#### [Exercise requirements]
Take the material below and extract the lines from the one with "Lima eventually settled" through the one with "Off the bat", word for word, without pictures.
━━━ Records for this exercise
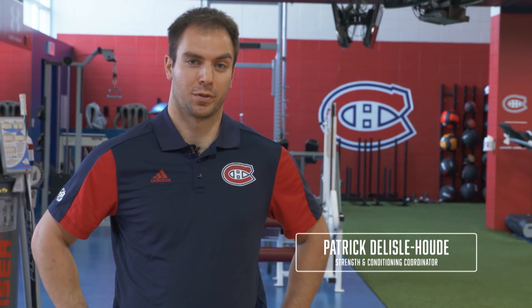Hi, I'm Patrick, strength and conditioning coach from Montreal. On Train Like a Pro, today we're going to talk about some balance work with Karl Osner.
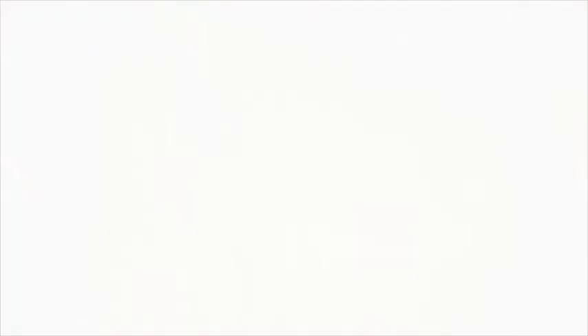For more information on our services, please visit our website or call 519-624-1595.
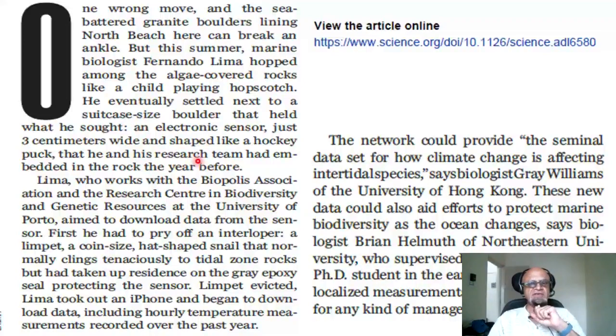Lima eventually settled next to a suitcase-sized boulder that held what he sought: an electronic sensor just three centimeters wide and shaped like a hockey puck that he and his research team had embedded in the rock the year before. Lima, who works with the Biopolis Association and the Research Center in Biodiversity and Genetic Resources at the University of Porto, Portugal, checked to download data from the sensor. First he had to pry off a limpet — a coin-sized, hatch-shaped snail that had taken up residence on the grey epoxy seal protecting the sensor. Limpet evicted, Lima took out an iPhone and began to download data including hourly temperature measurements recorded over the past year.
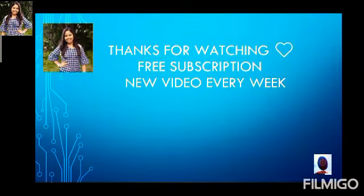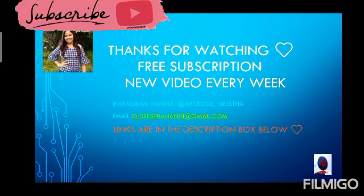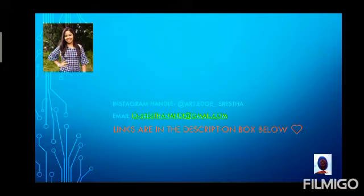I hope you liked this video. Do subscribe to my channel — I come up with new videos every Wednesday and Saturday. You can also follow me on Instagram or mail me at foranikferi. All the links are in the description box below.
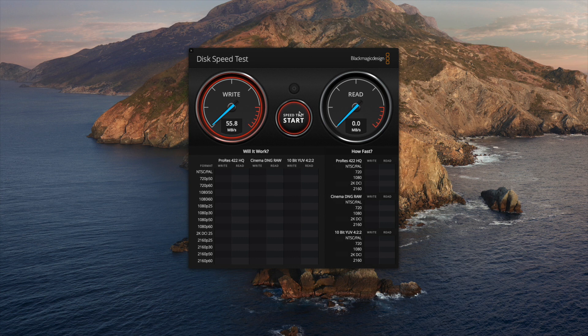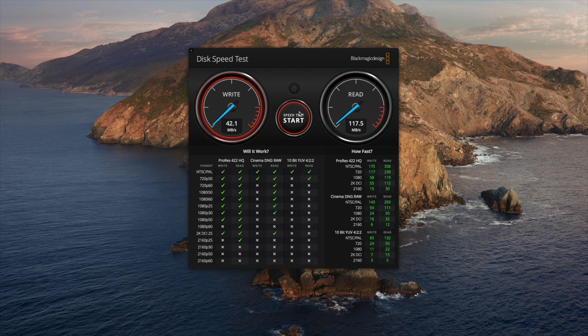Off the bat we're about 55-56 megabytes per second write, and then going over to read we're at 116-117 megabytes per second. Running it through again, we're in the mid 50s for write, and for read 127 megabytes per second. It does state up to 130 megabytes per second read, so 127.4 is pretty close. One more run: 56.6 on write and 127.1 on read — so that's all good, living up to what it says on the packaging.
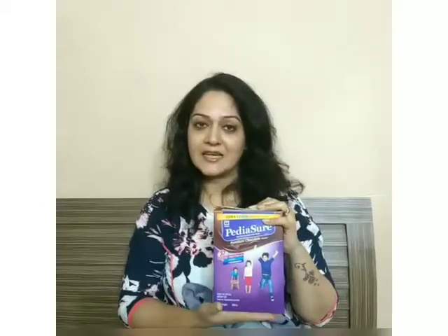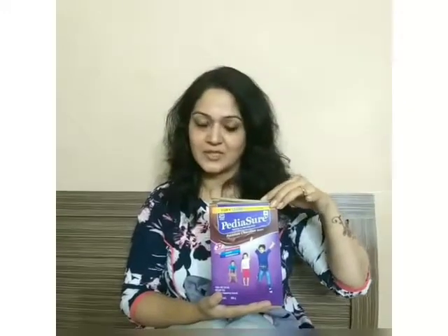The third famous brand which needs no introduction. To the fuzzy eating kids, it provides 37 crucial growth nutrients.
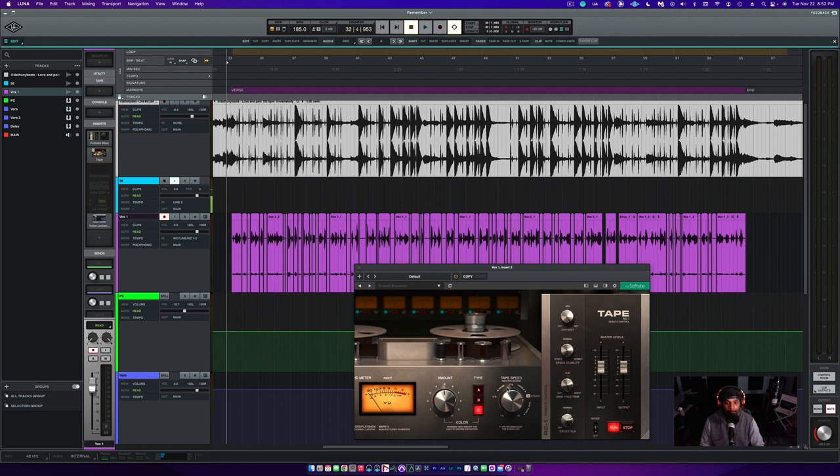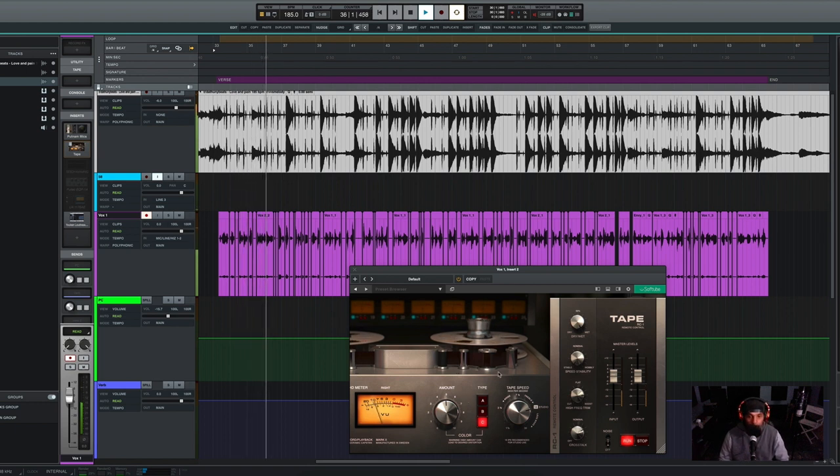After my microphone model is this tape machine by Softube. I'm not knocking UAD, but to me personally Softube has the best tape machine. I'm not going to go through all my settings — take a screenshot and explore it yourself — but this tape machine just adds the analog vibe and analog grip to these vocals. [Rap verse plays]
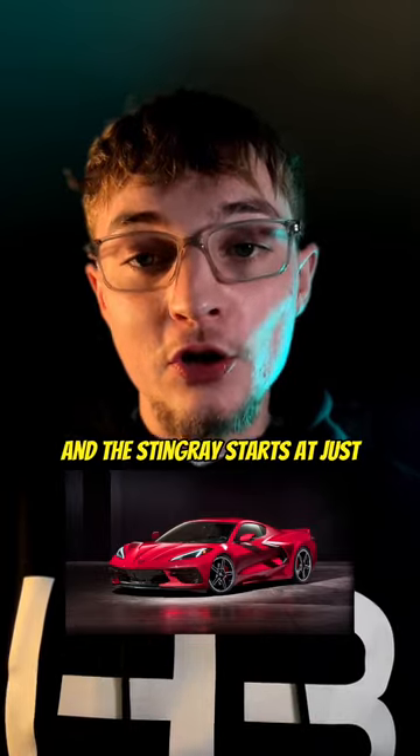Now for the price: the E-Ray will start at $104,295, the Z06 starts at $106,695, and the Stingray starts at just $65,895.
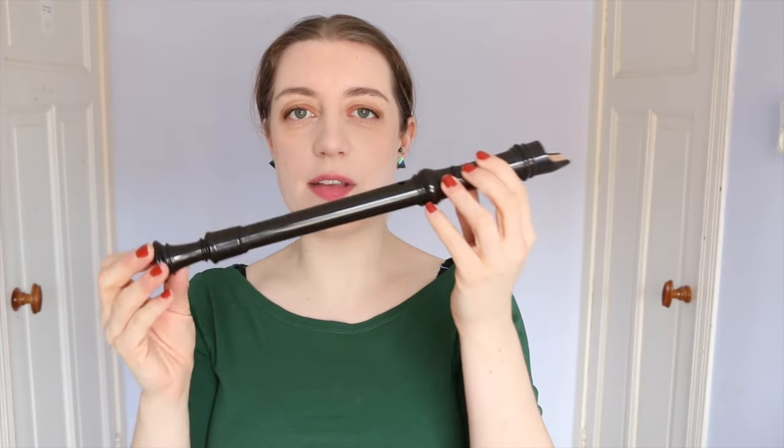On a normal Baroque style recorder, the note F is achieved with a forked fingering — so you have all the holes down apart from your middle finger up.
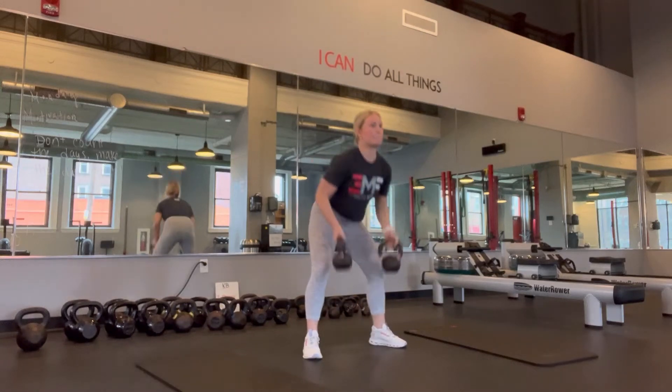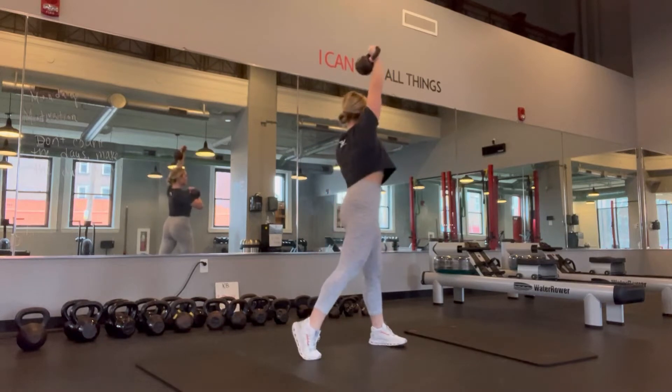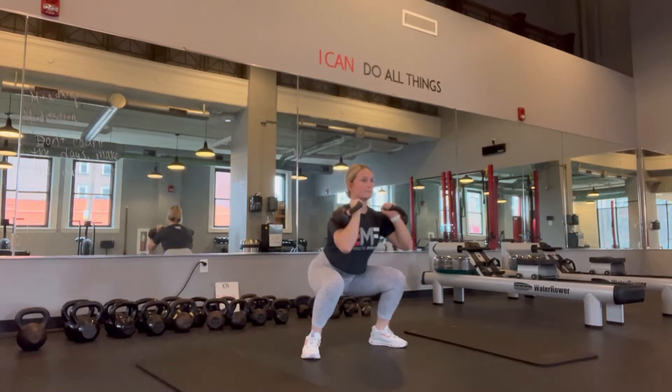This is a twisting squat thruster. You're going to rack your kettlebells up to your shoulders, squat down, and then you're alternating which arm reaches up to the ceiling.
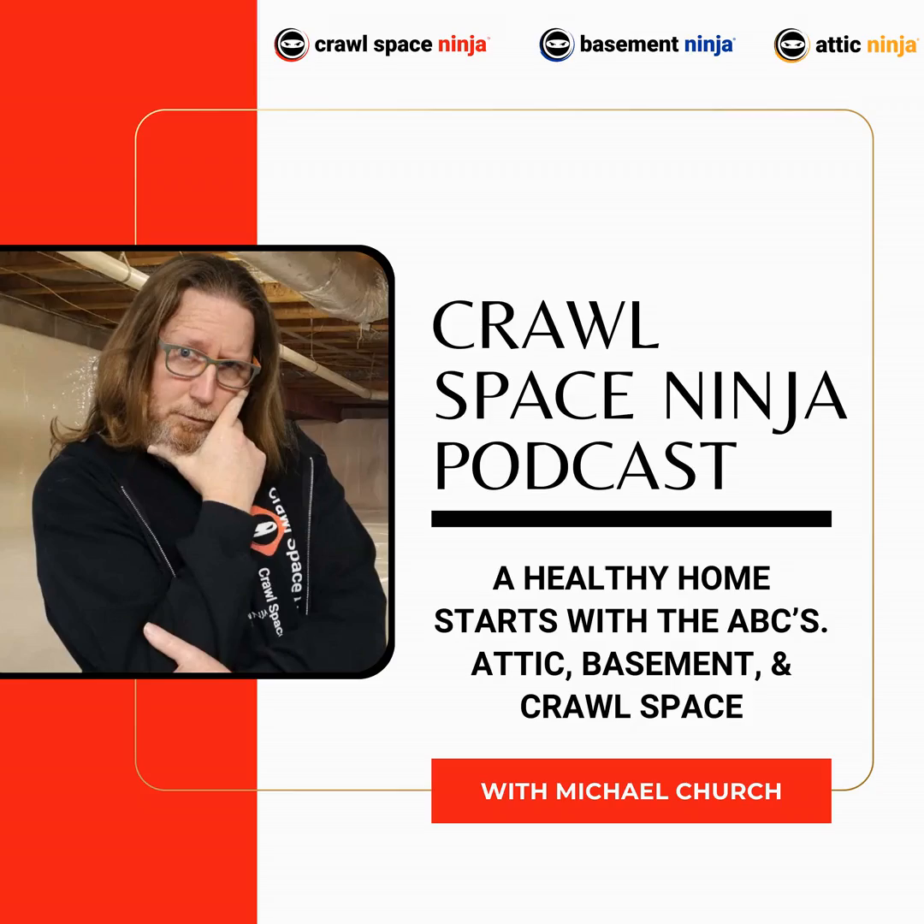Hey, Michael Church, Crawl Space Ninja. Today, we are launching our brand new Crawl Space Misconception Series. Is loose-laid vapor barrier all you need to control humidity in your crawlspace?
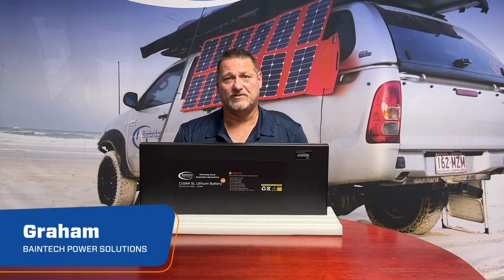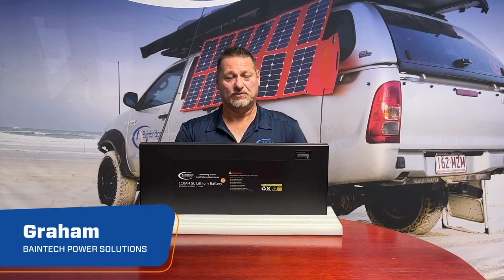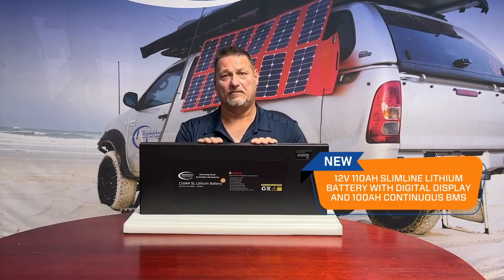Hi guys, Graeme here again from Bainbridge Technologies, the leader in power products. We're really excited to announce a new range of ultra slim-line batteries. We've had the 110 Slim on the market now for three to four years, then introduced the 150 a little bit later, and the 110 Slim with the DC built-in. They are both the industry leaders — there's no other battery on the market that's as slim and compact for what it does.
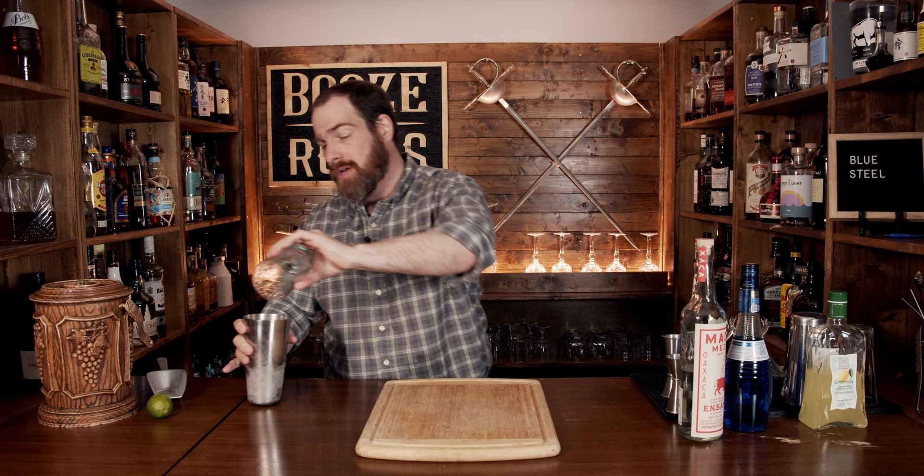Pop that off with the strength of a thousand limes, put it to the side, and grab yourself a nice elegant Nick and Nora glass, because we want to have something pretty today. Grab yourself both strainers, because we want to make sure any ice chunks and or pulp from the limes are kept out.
━━━━━━
#### [Answer to the exercise]
Lima eventually settled next to a suitcase-sized boulder that held what he sought: an electronic sensor just three centimeters wide and shaped like a hockey puck that he and his research team had embedded in the rock the year before. Lima, who works with the Biopolis Association and the Research Center in Biodiversity and Genetic Resources at the University of Porto, Portugal, checked to download data from the sensor. First he had to pry off a limpet — a coin-sized, hatch-shaped snail that had taken up residence on the grey epoxy seal protecting the sensor. Limpet evicted, Lima took out an iPhone and began to download data including hourly temperature measurements recorded over the past year.
I hope you liked this video. Do subscribe to my channel — I come up with new videos every Wednesday and Saturday. You can also follow me on Instagram or mail me at foranikferi. All the links are in the description box below.
Off the bat we're about 55-56 megabytes per second write, and then going over to read we're at 116-117 megabytes per second. Running it through again, we're in the mid 50s for write, and for read 127 megabytes per second. It does state up to 130 megabytes per second read, so 127.4 is pretty close. One more run: 56.6 on write and 127.1 on read — so that's all good, living up to what it says on the packaging.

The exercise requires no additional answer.